Elle l’avait toujours su, tout au fond d’elle, que cette machine ne l’emmenait nulle part. Elle se trouvait toujours dans son bureau, au second étage de Sidney Smith.

Tout ce qu’elle faisait, c’était regarder à travers un objectif déformé, un microscope Möbius, un télescope topologique.

Un hyperscope.

Et cet hyperscope lui permettait de voir la réalité en quatre dimensions qui entourait son univers quotidien, une réalité dont elle n’avait jamais pris davantage conscience que Carré A – le héros de Pays plat, de Abbott – n’avait pris conscience du monde tridimensionnel qui l’entourait.

C’est ce que la métaphore jungienne avait suggéré, il y avait longtemps, bien que ce vieux Carl n’y eût jamais pensé en termes physiques. Mais si l’inconscient collectif était plus qu’une simple métaphore, il devait ressembler à tous les coups à quelque chose comme ceci : les parties apparemment disparates de l’humanité vraiment reliées à un plus haut niveau.

Ahurissant.

Si elle ne se trompait pas…

Si elle ne se trompait pas, les Centaures n’avaient pas envoyé d’informations concernant leur univers extraterrestre. Non, ils avaient plutôt offert à l’humanité un miroir dans lequel elle pouvait enfin se réfléchir.

Et Heather était en train de scruter une partie de ce miroir – quelques centaines de pensées rassemblées en face d’elle.

Heather fit une rotation, examinant l’immense surface du bol. Elle ne discernait pas les discrets hexagones, là-bas au loin, mais elle voyait parfaitement que les points colorés qu’ils formaient ne composaient qu’une minuscule fraction du total. Peut-être cinq ou dix pour cent.

Cinq ou dix pour cent…

Des années auparavant, elle avait lu que le nombre total d’êtres humains ayant jamais existé – habilis, erectus, neandertalensis ou sapiens – s’élevait à cent milliards environ.

Cinq ou dix pour cent.

Sept milliards d’êtres humains vivant actuellement.
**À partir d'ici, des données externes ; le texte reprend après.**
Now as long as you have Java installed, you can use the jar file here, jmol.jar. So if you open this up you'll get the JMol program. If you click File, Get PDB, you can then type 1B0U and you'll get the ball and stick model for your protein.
Et environ quatre-vingt-treize milliards venus et partis avant eux.

L’esprit universel ne se réduisait pas, pas plus qu’il ne se réutilisait ni ne se recyclait.

Au lieu de cela, il maintenait ensemble tous les hexagones précédents, sombres ou clairs, non touchés et immuables.
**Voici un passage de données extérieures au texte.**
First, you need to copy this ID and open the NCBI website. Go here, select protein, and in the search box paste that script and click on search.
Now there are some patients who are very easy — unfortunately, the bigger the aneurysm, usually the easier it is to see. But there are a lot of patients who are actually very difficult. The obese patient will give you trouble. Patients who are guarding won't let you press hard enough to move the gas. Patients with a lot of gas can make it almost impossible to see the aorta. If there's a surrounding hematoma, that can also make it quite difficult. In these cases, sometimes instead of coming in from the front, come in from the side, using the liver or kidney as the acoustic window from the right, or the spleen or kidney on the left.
Et elle fut frappée par une idée.

Une idée renversante.

Et cependant, ce devait être là.

Elle se sentait défaillir.

Elle avait trouvé ce qu’elle cherchait.

Depuis qu’une conscience complexe était apparue pour la première fois, il y a des millions d’années, quelque cent milliards d’extensions d’elle – quelque cent milliards d’êtres humains – étaient nés et morts sur la planète Terre.

Tous représentés ici, chacun sous la forme d’un hexagone.
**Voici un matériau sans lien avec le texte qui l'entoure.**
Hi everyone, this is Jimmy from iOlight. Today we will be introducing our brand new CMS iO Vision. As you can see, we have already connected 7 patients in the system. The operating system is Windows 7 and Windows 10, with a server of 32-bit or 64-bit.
Et qu’était-ce qu’un homme ou une femme, sinon la somme de ses souvenirs ? Quelle autre valeur les hexagones pouvaient-ils bien stocker ? Pourquoi garder les anciens, à moins…

Cette seule idée lui donnait le vertige.

À qui accéder en premier ? Si elle pouvait approcher une seule pensée, ce serait laquelle ?

Celle du Christ ?

D’Einstein ?

De Socrate ?

De Cléopâtre ?

De Stephen Hawking ?

De Marie Curie ?

Ou – elle avait repoussé cette idée, bien sûr –, ou de Mary, sa fille disparue ?

Ou encore du père de Heather, mort lui aussi ?

Qui ? Par qui commencer ?

Alors que Heather méditait, perplexe, elle vit un arc lumineux relier un hexagone coloré à un hexagone sombre.

Il devait y avoir un moyen d’utiliser ce gigantesque tableau de bord, de faire interférer un cerveau vivant avec les archives d’un cerveau mort.

Ces arcs apparaissaient-ils spontanément ? Représentaient-ils une explication au fait que certaines personnes pensaient avoir déjà vécu une précédente vie ? Heather n’avait jamais cru à la possibilité d’une vie antérieure, mais une excroissance dans, voyons… dans l’espace psychique, reliant un cerveau mort à un cerveau encore actif, pouvait très bien être interprétée par la pensée active, inconsciente de ce qui se produisait, comme une précédente vie.

Elle garda les yeux fixés sur l’arc jusqu’à ce qu’il disparaisse. Quel que fût le contact qu’il avait créé, et quel qu’en fût le but, il s’était évanoui. Et maintenant, c’était fini.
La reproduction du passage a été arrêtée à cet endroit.